The reporter tried to get a response from the angling society but nothing came in before the deadline. The newspaper printed a cautious story that this fish just might be a record-breaker but we’ll have to wait for the powers-that-be to decide.
I was living at the Jersey shore and writing for magazines. I read the newspaper story and called the guy up. He told me I had just missed the “expert” from the angling society. The expert looked at the fish and said that it didn’t qualify because he hadn’t caught it.
Say what?
In order for a fish to count for the record, it has to be alive when it is landed. The expert said this fish, while certainly large, had been dead on arrival.
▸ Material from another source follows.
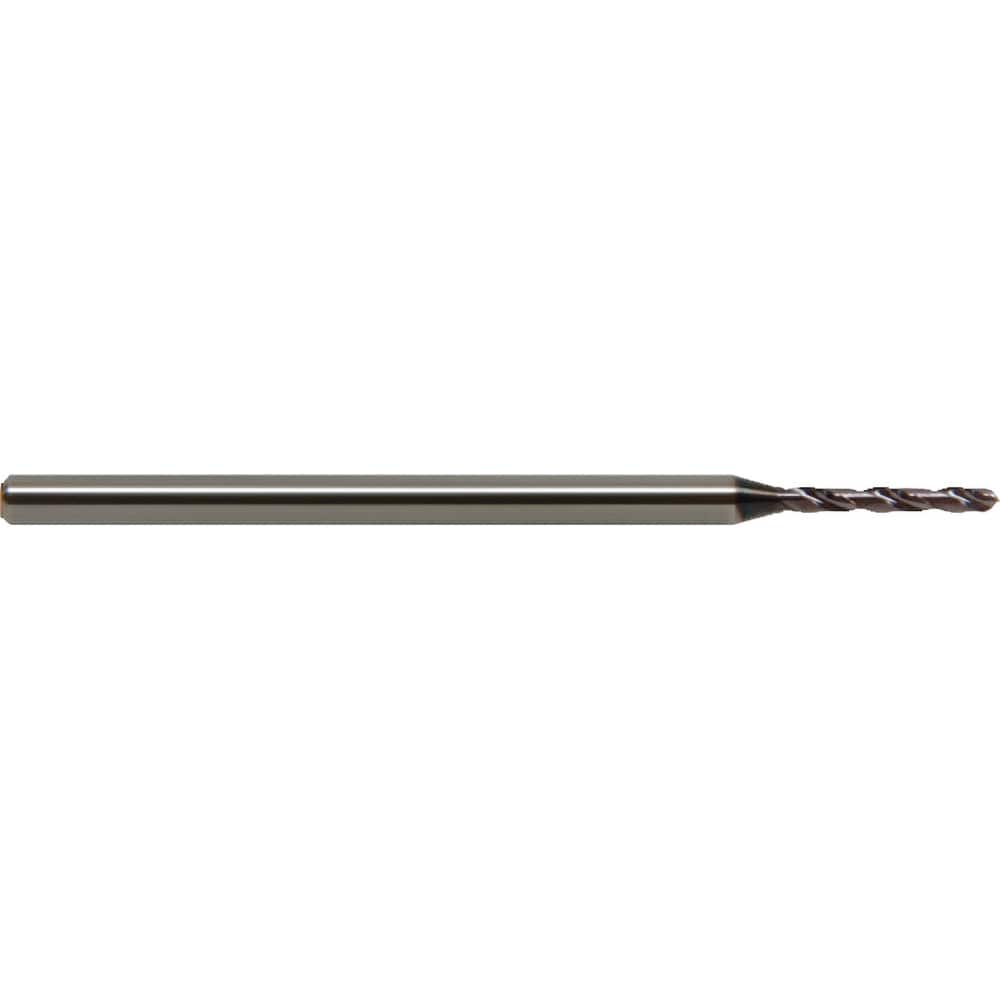 M.A. Ford - 2mm, 140° Point, Solid Carbide Micro Drill Bit - Exact Industrial Supply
I asked if the expert had done an autopsy. He hadn’t. He barely unwrapped it. He just looked at it and left.
I made a visit. The guy and his family lived in a tiny, humble, barely furnished two-bedroom house in Brigantine. We started talking and he invited me to eat with his family. He opened a few cans, threw a block of frozen ground beef into a frying pan, and served us sloppy joes (a sweet bolognese) on white bread.
Then he took me to the garage and showed me the fish. I’d seen tuna that big, but never a blue. He told me how he caught it, describing how he stood alone on the jetty in a bitter nor’easter, because storms can make the bigger fish come in closer to the shore. After hours of rain and wind blasting him in the face, he was about to go in when a voice spoke inside him and told him to stay a little longer.
He stayed a little longer and hooked the fish. Pulling it in was like dragging a truck. He would have lost it if the nor’easter wasn’t blowing toward him, sending the ocean, and whatever was in it, crashing up on the jetty.
I asked him if he’d read Ernest Hemingway’s The Old Man and the Sea. He hadn’t.
When he saw how big the fish was, he didn’t know what to do with it. He didn’t want to leave it there. Finally he put his rod down, ran to the nearest street and got help. The fish was there, breathing, when he returned.
I thanked him for dinner. The next day, I called the angling society. I got the line about the fish being dead. I asked if any tests were done to determine how and when the fish had died.
No tests were done. The expert knew what a dead fish looked like. Besides, the reward for a record-breaking catch was intended for professional sport fishermen who are scrupulous about documentation. How is it possible that an amateur could land a fish that big? This was one man’s story and, me being a journalist, I should know what they say about fish stories.
To be sure, some of what passes for journalism might as well be a colorful exaggeration. Journalism as a profession tends to be reviled by those who don’t like what they read or see. I had never wanted to go into the trade, but I had a fierce desire to prove to myself that I was worthy. Almost every short story I sent out had been rejected, sending me into despairing tail-spins ending in writers block. Journalism, with its deadlines, does not accommodate writers block.
Journalism does accommodate reporters who sympathize with their subject. Is there a great difference between a lone guy sending out short stories to magazines, and another braving a storm to catch a fish?
My article that suggested that the angling society could not believe that a simple, humble, hard-working Jersey boy could, through determination and luck, beat them at their own game.
After it was published the angling society sent down another expert who decided that the Jersey boy had, indeed, landed the largest blue fish, and that the check for the award was in the mail.
A month later I called the guy up to find out if he got the check. He said the check had come, and that after he cashed it, he the check, he sawed off sections of the fish and was trying to eat it, but everybody he knew was tired of the fish. He’d baked it, fried it, grilled it it so many times. Did I want any?
I thanked him but said I had a blue in my freezer at the moment that I caught at the supermarket. I told him that I liked to “blacken” it with black pepper and broil it, with onions, sliced Jersey tomatoes and garlic.
He said he’d try my recipe and we never spoke again.